Records provided START

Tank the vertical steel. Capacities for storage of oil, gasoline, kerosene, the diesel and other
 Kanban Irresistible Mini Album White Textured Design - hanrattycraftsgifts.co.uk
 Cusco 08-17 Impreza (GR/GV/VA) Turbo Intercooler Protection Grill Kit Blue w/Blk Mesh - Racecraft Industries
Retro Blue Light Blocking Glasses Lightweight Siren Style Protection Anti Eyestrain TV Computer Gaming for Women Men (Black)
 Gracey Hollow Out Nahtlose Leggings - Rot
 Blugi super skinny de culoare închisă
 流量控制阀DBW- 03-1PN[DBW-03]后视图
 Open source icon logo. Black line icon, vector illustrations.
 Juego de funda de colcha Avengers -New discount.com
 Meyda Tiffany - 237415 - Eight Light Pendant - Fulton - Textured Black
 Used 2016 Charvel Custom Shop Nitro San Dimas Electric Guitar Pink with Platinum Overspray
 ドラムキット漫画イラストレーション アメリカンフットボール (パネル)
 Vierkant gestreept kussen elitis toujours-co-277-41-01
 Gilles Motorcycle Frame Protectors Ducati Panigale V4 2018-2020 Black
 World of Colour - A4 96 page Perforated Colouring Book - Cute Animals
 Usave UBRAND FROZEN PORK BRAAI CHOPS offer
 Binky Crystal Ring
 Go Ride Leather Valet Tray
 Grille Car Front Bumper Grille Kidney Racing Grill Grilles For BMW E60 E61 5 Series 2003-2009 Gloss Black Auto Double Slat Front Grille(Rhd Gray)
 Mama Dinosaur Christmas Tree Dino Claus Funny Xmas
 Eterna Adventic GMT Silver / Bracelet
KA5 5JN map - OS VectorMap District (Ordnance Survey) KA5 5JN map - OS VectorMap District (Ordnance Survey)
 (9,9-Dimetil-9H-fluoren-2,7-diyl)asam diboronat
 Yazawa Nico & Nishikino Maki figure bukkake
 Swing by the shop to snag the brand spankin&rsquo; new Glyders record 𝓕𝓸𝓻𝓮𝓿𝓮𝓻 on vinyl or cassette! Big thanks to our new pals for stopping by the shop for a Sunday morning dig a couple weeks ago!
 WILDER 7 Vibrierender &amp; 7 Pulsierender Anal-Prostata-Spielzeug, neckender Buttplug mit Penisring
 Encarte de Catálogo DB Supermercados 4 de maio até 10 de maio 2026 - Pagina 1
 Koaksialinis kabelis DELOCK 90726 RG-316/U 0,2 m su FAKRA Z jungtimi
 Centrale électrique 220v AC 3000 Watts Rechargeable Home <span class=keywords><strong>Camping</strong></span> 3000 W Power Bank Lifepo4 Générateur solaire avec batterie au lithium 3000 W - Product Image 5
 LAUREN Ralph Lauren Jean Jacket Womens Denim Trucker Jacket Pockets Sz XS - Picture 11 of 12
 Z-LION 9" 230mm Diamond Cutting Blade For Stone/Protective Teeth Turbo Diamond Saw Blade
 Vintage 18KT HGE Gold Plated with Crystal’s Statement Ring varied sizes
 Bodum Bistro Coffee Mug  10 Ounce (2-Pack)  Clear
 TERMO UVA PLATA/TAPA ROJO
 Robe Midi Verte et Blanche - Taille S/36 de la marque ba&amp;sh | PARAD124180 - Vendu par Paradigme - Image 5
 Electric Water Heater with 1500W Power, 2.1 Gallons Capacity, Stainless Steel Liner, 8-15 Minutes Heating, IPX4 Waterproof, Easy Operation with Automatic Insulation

Records provided END

*About this exercise*: Your reply must consist of the entire listing, repeated word for word.

*Response to the exercise*:
Tank the vertical steel. Capacities for storage of oil, gasoline, kerosene, the diesel and other
 Kanban Irresistible Mini Album White Textured Design - hanrattycraftsgifts.co.uk
 Cusco 08-17 Impreza (GR/GV/VA) Turbo Intercooler Protection Grill Kit Blue w/Blk Mesh - Racecraft Industries
Retro Blue Light Blocking Glasses Lightweight Siren Style Protection Anti Eyestrain TV Computer Gaming for Women Men (Black)
 Gracey Hollow Out Nahtlose Leggings - Rot
 Blugi super skinny de culoare închisă
 流量控制阀DBW- 03-1PN[DBW-03]后视图
 Open source icon logo. Black line icon, vector illustrations.
 Juego de funda de colcha Avengers -New discount.com
 Meyda Tiffany - 237415 - Eight Light Pendant - Fulton - Textured Black
 Used 2016 Charvel Custom Shop Nitro San Dimas Electric Guitar Pink with Platinum Overspray
 ドラムキット漫画イラストレーション アメリカンフットボール (パネル)
 Vierkant gestreept kussen elitis toujours-co-277-41-01
 Gilles Motorcycle Frame Protectors Ducati Panigale V4 2018-2020 Black
 World of Colour - A4 96 page Perforated Colouring Book - Cute Animals
 Usave UBRAND FROZEN PORK BRAAI CHOPS offer
 Binky Crystal Ring
 Go Ride Leather Valet Tray
 Grille Car Front Bumper Grille Kidney Racing Grill Grilles For BMW E60 E61 5 Series 2003-2009 Gloss Black Auto Double Slat Front Grille(Rhd Gray)
 Mama Dinosaur Christmas Tree Dino Claus Funny Xmas
 Eterna Adventic GMT Silver / Bracelet
KA5 5JN map - OS VectorMap District (Ordnance Survey) KA5 5JN map - OS VectorMap District (Ordnance Survey)
 (9,9-Dimetil-9H-fluoren-2,7-diyl)asam diboronat
 Yazawa Nico & Nishikino Maki figure bukkake
 Swing by the shop to snag the brand spankin&rsquo; new Glyders record 𝓕𝓸𝓻𝓮𝓿𝓮𝓻 on vinyl or cassette! Big thanks to our new pals for stopping by the shop for a Sunday morning dig a couple weeks ago!
 WILDER 7 Vibrierender &amp; 7 Pulsierender Anal-Prostata-Spielzeug, neckender Buttplug mit Penisring
 Encarte de Catálogo DB Supermercados 4 de maio até 10 de maio 2026 - Pagina 1
 Koaksialinis kabelis DELOCK 90726 RG-316/U 0,2 m su FAKRA Z jungtimi
 Centrale électrique 220v AC 3000 Watts Rechargeable Home <span class=keywords><strong>Camping</strong></span> 3000 W Power Bank Lifepo4 Générateur solaire avec batterie au lithium 3000 W - Product Image 5
 LAUREN Ralph Lauren Jean Jacket Womens Denim Trucker Jacket Pockets Sz XS - Picture 11 of 12
 Z-LION 9" 230mm Diamond Cutting Blade For Stone/Protective Teeth Turbo Diamond Saw Blade
 Vintage 18KT HGE Gold Plated with Crystal’s Statement Ring varied sizes
 Bodum Bistro Coffee Mug  10 Ounce (2-Pack)  Clear
 TERMO UVA PLATA/TAPA ROJO
 Robe Midi Verte et Blanche - Taille S/36 de la marque ba&amp;sh | PARAD124180 - Vendu par Paradigme - Image 5
 Electric Water Heater with 1500W Power, 2.1 Gallons Capacity, Stainless Steel Liner, 8-15 Minutes Heating, IPX4 Waterproof, Easy Operation with Automatic Insulation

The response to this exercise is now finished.